Litvaks (Yiddish: ליטװאַקעס) or Lita'im (Hebrew: לִיטָאִים) are Jews with roots in the territory of the former Grand Duchy of Lithuania (covering present-day Lithuania, Belarus, Latvia, the northeastern Suwałki and Białystok regions of Poland, as well as adjacent areas of modern-day Russia and Ukraine).
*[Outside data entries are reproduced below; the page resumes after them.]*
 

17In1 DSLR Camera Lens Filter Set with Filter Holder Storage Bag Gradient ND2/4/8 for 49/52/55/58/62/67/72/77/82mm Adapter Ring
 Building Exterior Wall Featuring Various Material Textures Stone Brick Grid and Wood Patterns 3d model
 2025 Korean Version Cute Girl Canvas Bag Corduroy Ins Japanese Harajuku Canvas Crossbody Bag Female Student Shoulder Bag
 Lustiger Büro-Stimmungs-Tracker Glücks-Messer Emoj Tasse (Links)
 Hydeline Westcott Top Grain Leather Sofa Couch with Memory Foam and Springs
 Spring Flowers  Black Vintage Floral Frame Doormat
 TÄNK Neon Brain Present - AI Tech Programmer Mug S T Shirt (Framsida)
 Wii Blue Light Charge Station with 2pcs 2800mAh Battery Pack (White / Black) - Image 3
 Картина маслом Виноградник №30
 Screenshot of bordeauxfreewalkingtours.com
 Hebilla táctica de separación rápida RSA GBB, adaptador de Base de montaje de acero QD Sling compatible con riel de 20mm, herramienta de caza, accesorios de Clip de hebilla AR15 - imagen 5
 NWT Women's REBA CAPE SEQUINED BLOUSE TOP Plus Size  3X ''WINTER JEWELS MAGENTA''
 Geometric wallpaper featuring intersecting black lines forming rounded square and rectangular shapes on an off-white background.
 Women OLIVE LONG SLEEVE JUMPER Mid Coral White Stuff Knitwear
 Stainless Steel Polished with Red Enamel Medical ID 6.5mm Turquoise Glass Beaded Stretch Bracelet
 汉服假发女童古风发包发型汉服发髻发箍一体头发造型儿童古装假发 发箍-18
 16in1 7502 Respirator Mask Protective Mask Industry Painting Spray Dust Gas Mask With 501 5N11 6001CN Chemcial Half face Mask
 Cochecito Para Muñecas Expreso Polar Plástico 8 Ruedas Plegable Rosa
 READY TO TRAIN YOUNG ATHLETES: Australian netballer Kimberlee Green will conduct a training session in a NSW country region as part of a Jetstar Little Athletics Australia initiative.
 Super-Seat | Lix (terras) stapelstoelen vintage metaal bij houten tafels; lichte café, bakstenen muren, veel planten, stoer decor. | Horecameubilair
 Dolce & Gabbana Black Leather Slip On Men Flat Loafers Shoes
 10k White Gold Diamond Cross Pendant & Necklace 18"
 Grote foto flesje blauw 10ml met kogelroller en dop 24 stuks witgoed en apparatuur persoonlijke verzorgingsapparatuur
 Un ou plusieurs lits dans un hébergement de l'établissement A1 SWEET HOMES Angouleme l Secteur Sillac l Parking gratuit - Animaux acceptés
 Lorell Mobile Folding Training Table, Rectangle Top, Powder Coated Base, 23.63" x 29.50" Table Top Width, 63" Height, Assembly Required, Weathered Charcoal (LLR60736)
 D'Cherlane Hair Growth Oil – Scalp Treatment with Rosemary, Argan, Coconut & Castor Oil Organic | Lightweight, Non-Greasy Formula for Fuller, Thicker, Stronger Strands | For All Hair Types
The term is sometimes used to cover all Haredi Jews who follow an Ashkenazi, non-Hasidic style of life and learning, whatever their ethnic background.[2] The area where Litvaks lived is referred to in Yiddish as ליטע Lite, hence the Hebrew term Lita'im (לִיטָאִים).[3]

No other Jew is more closely linked to a specifically Lithuanian city than the Vilna Gaon (in Yiddish, "the genius of Vilna"), Rabbi Elijah ben Solomon Zalman (1720–1797), to give his rarely used full name, helped make Vilna (modern-day Vilnius) a world center for Talmudic learning. Chaim Grade (1910–1982) was born in Vilna, the city about which he would write.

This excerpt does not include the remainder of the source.